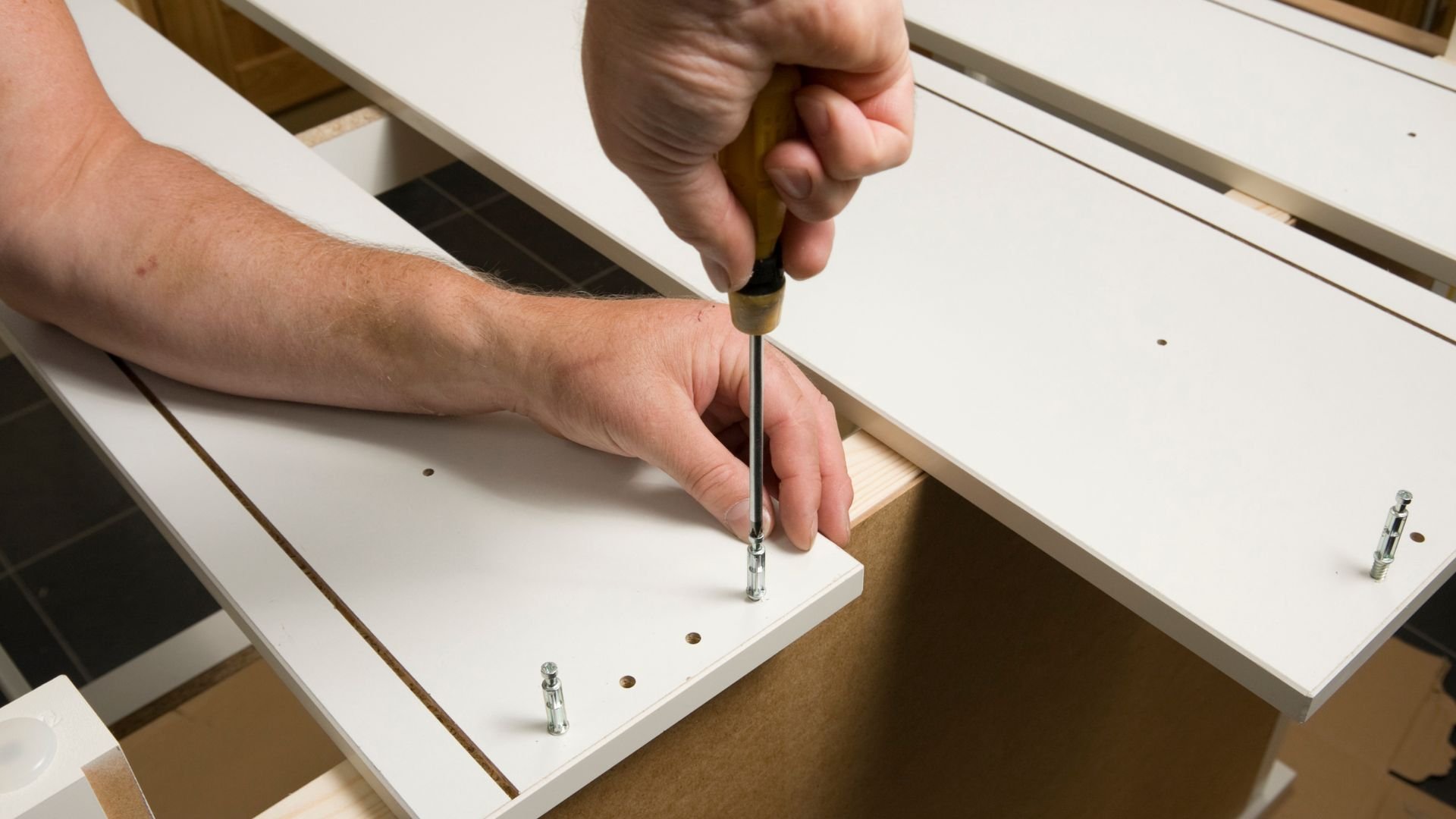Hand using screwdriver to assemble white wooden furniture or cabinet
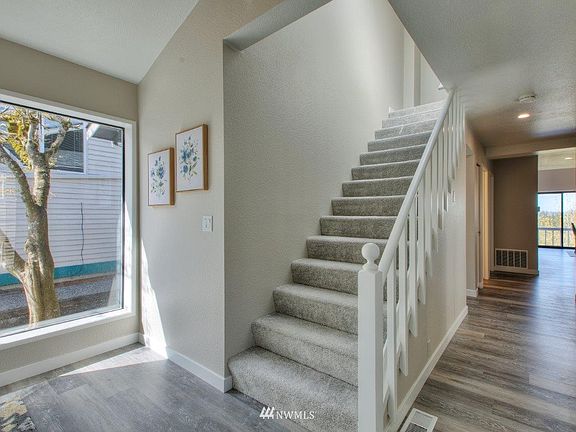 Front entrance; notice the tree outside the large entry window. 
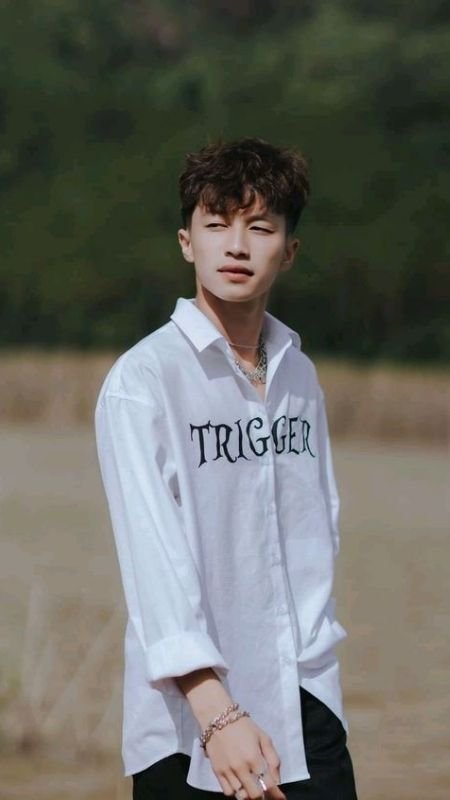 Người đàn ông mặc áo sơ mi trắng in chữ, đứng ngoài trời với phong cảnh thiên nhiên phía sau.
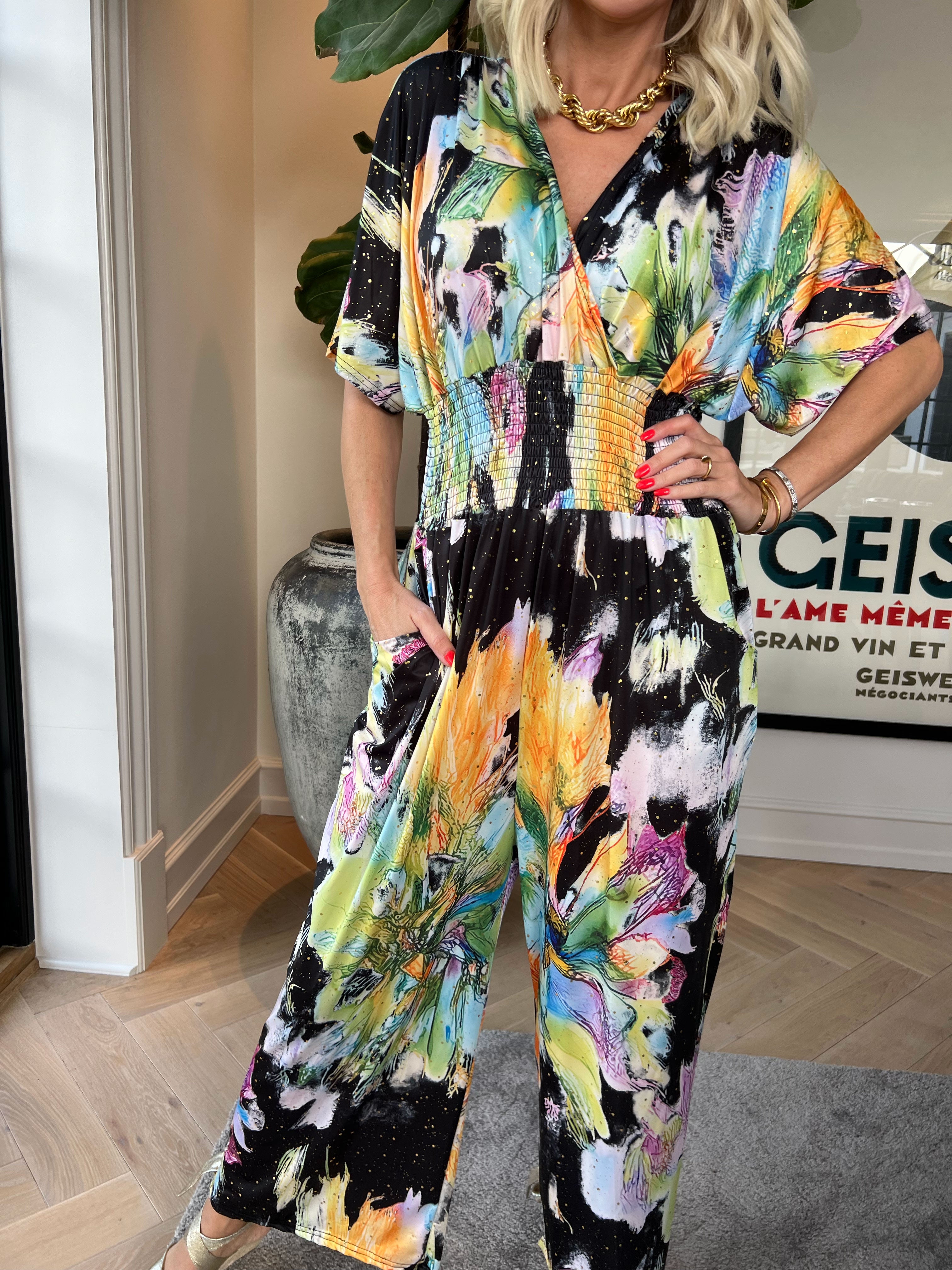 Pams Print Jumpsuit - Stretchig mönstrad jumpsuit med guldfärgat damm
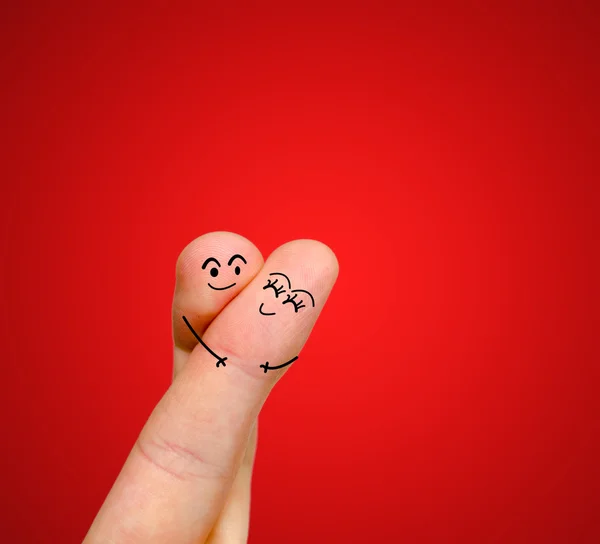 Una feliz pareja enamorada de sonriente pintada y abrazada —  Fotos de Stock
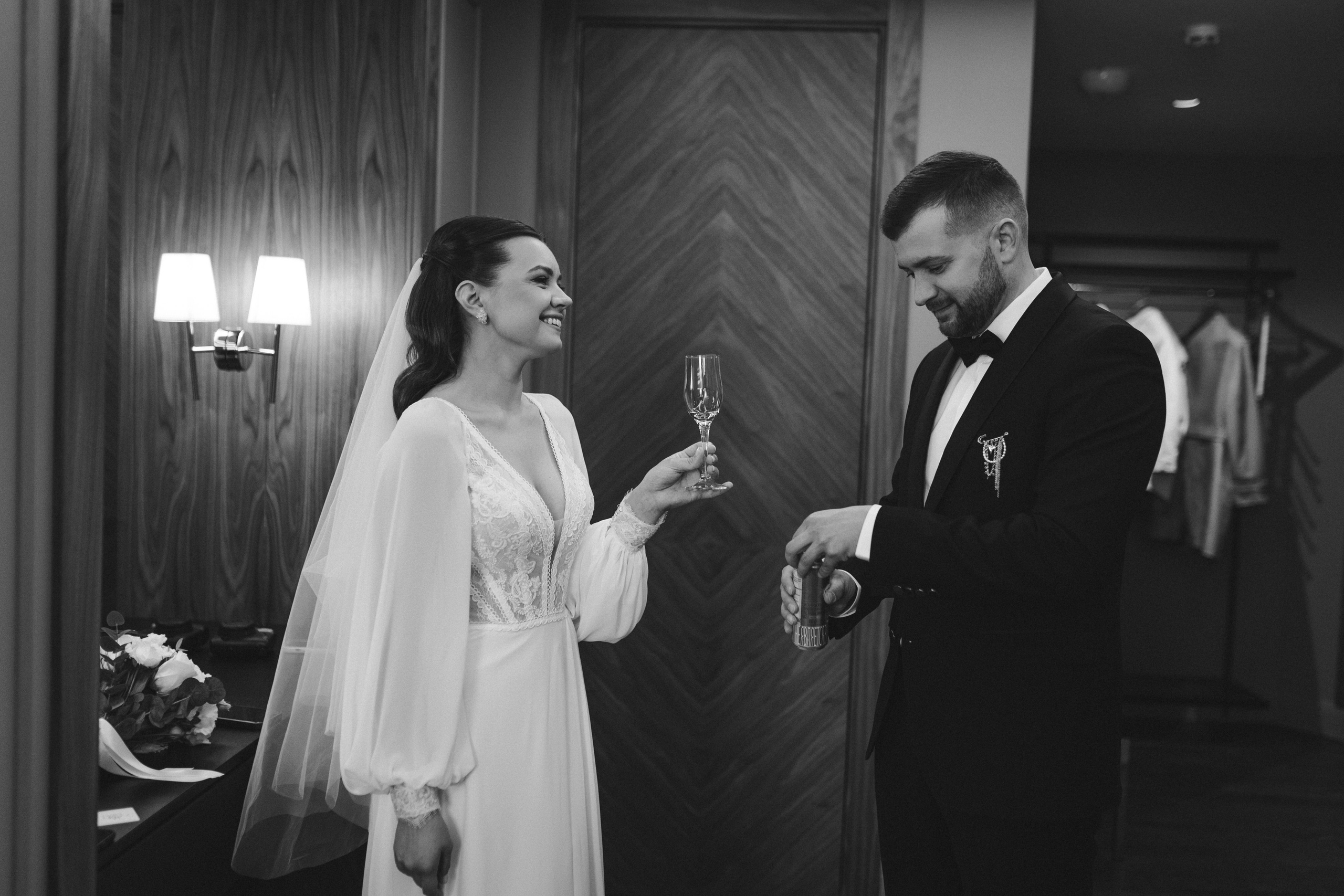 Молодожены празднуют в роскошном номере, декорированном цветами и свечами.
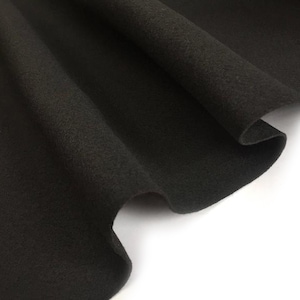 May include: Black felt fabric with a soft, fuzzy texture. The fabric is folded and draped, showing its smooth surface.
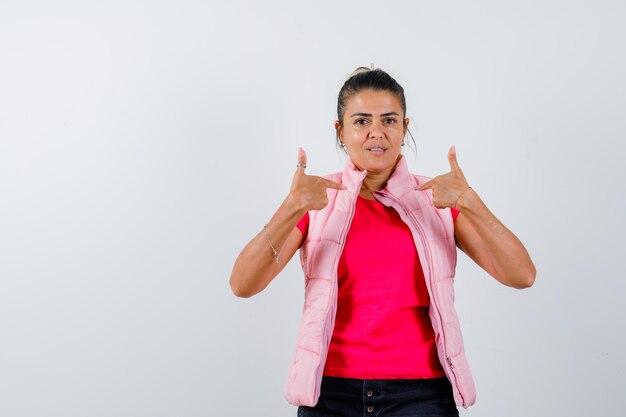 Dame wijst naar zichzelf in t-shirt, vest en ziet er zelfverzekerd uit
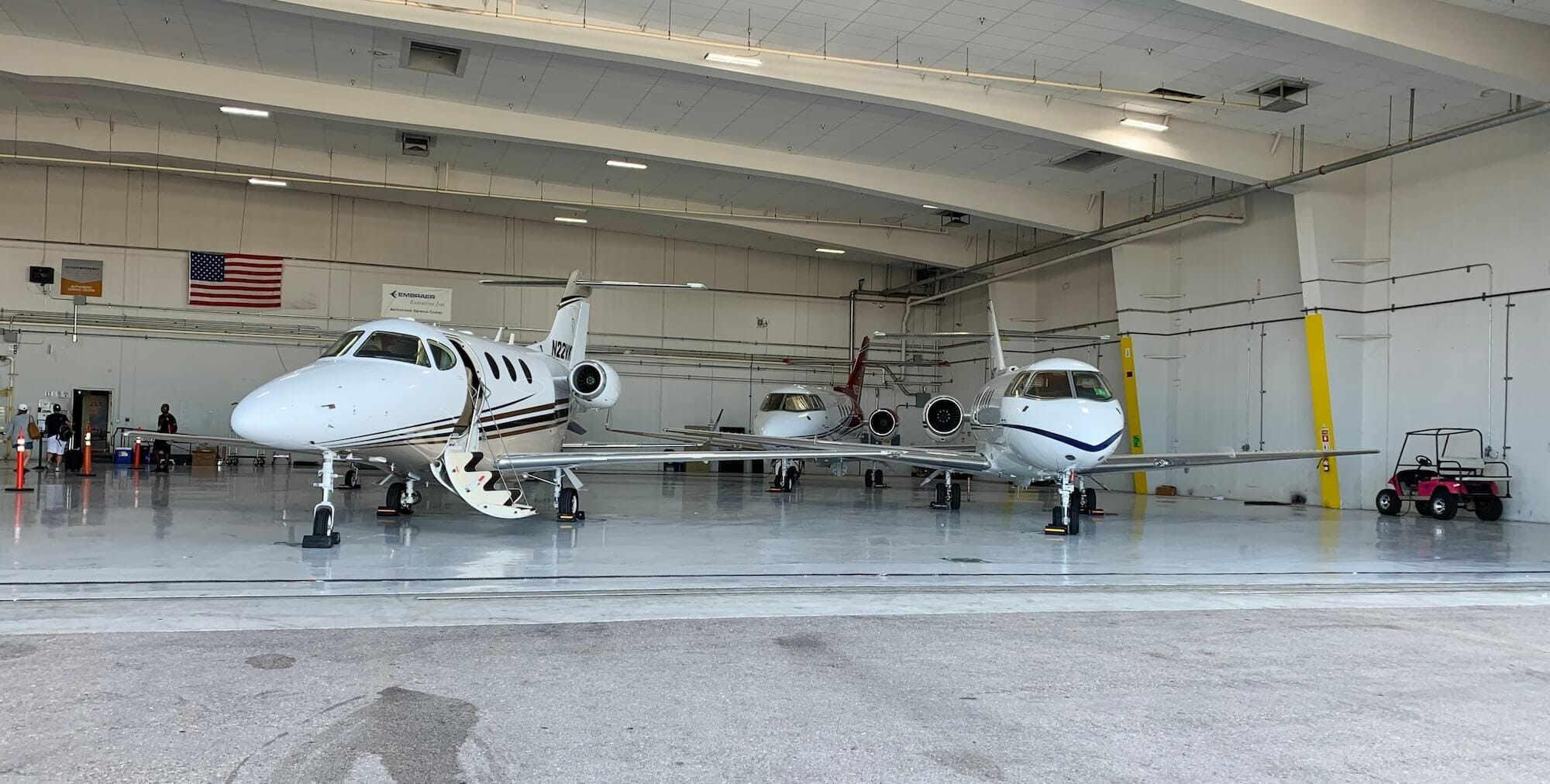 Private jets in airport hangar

## Problem to work on
Would you write out every record word for word, leaving no picture in?

## Response to this task
Hand using screwdriver to assemble white wooden furniture or cabinet
 Front entrance; notice the tree outside the large entry window. 
 Người đàn ông mặc áo sơ mi trắng in chữ, đứng ngoài trời với phong cảnh thiên nhiên phía sau.
 Pams Print Jumpsuit - Stretchig mönstrad jumpsuit med guldfärgat damm
 Una feliz pareja enamorada de sonriente pintada y abrazada —  Fotos de Stock
 Молодожены празднуют в роскошном номере, декорированном цветами и свечами.
 May include: Black felt fabric with a soft, fuzzy texture. The fabric is folded and draped, showing its smooth surface.
 Dame wijst naar zichzelf in t-shirt, vest en ziet er zelfverzekerd uit
 Private jets in airport hangar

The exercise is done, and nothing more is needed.